Raw logs and computed metrics from Kafka were shipped to a 25 node Elastic Cluster for Log Analysis and MIS reports. 3 Node Logstash cluster was used to ship logs from Kafka to Elastic.

Elastic Search cluster used Kibana to do Dashboarding.

Apart from this cluster, the team also spent time on developing a UI which helped setup the Regular Expressions for the Preprocessor to parse. The UI also had Graphical Interface which showed charts and logs associated with those points on the chart. The UI was developed in Backbone.js and used Java Spring boot backend.

We setup Hot and Warm nodes in Elastic Search cluster to improve responsiveness. Hot nodes are those which ingest the data and can return search results at the same time. For this Hot Nodes have fast SSD disks, while Warm Nodes hold older data which could be queried but are no longer being updated.
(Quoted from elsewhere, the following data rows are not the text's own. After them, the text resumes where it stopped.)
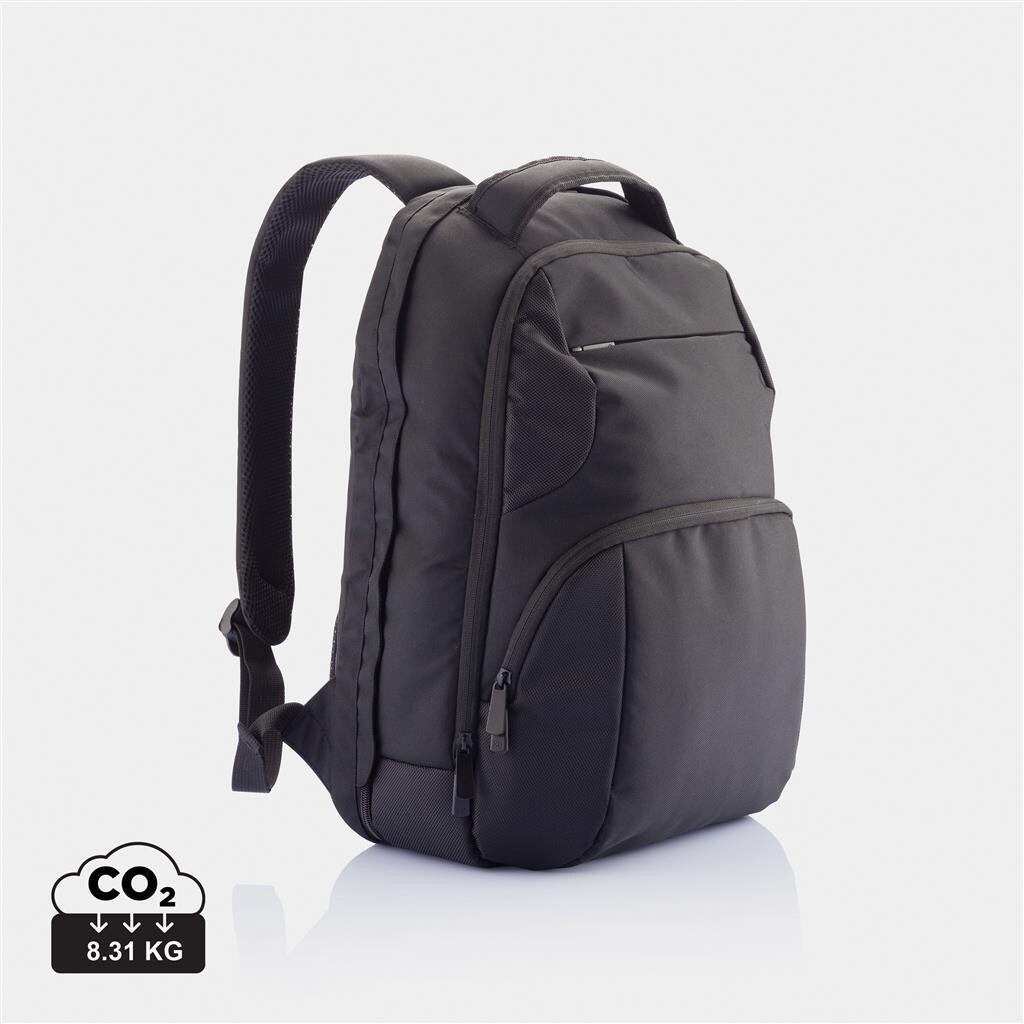 Mochila para portátil de poliéster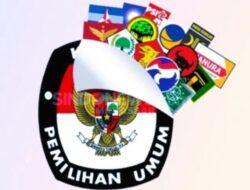 KPU Umumkan 17 Parpol Lolos Sebagai Peserta Pemilu 2024, Berikut Daftar Partainya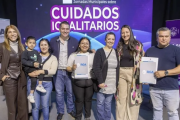 Río Grande reunió a referentes nacionales e internacionales para debatir políticas de cuidado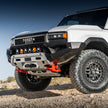 ARB - 3421950 - Zenith Winch Bumper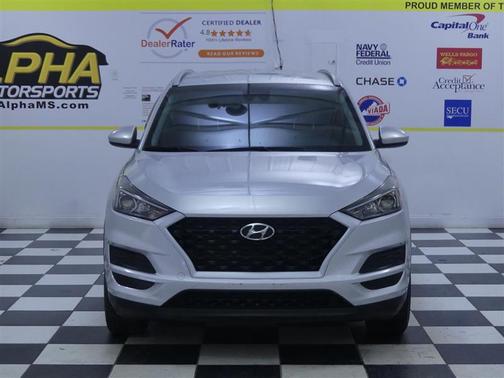 2019 Hyundai TUCSON Value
We also used this cluster to do Log aggregations for other Microservice owners. Ran light weight Elastic Log Agents on the production servers which shipped logs to our Elastic cluster through Logstash. Microservice owners could look at their logs on Kibana Dashboard.

Another use of the cluster was monitoring cloud costs of the company. We setup tasks to pull up billing data from the Cloud Provider and designed Dashboards to show the Cloud Usage and cloud costs per project.

Elastic Search:

3 Master Nodes:

Master Node: Tracks health of the cluster, decides which shards to allocate to which nodes.

Data Nodes: Hold data and perform data related operations such as Create, Read, Update, Delete (CRUD) search and aggregations.

Co-ordinating Node: Forwards search requests to the Data Nodes and collects the search results back, aggregates the results and sends it back to the client.

Elastic Search: Each index was broken in to 5 shards and 1 replica. Each index had a format

"indexname"-%yyyy-MM-dd

A day-old index was moved from Hot nodes to Warm nodes using a utility called Curator. Curator also deleted logs which were 3 months old.

Evaluating the design:

Some of the infrastructure decisions were made for us. Company already had a Hortonworks cluster which was paid for, being used by other groups and had a dedicated IT staff. We setup external Heroku cluster when we discovered the Proxy server had a limitation as to how many TCP connections it would accept. Flume served us better as it could write data to variety of sinks like Kafka, HDFS and we could also run Flume clients on other servers and ship the logs to our Flume cluster. Kafka was a solid backbone holding the pipeline together when downstream tasks had problem. Spark gave us a reliable Analytics Engine. We moved from Apache Solr to Elastic Search as Elastic had better interface and was faster.

The UI was customized according to specifications from our Production Support team. They liked the way it allowed them to paste a certain log statement and test Regular Expression. They also liked how it showed the graphs and allowed them to navigate to corresponding logs. We used Kibana more and more later on when Elastic enhanced Kibana features.

Performance Testing:

Each individual part of the pipeline was load tested. Flume cluster was tested by tool called NetStorm. Our performance team tested the flume end point by pumping in stored logs. We monitored CPU, load, memory, network, process and latency by using APM tools first and then monitored server health by loading Metric Beat from Elastic Search. We setup limit on memory and CPU usage to 80 % and 90 % respectively.

Next was Kafka. Kafka was optimized for availability by having 3 nodes and replication factor set to 2. It was optimized for high throughput by increasing number of partitions to 72. In our test basically Flume and Spark clusters were the limiting factor. Kafka was never really a problem as it easily could handle our 20000 messages per second rate. To increase durability, we used Acks = all for Kafka.

We tested Spark cluster by increasing the number of executors until the preprocessor job could handle 20000 messages per second. More than this, the Streaming job would start falling back. We benchmarked that for 20000 messages per second, the preprocessor job would finish on an average within 40 to 45 seconds.

Benchmarking Elastic search. Benchmarking 20000 writes per second using NetStorm and Elastic Search Put document command.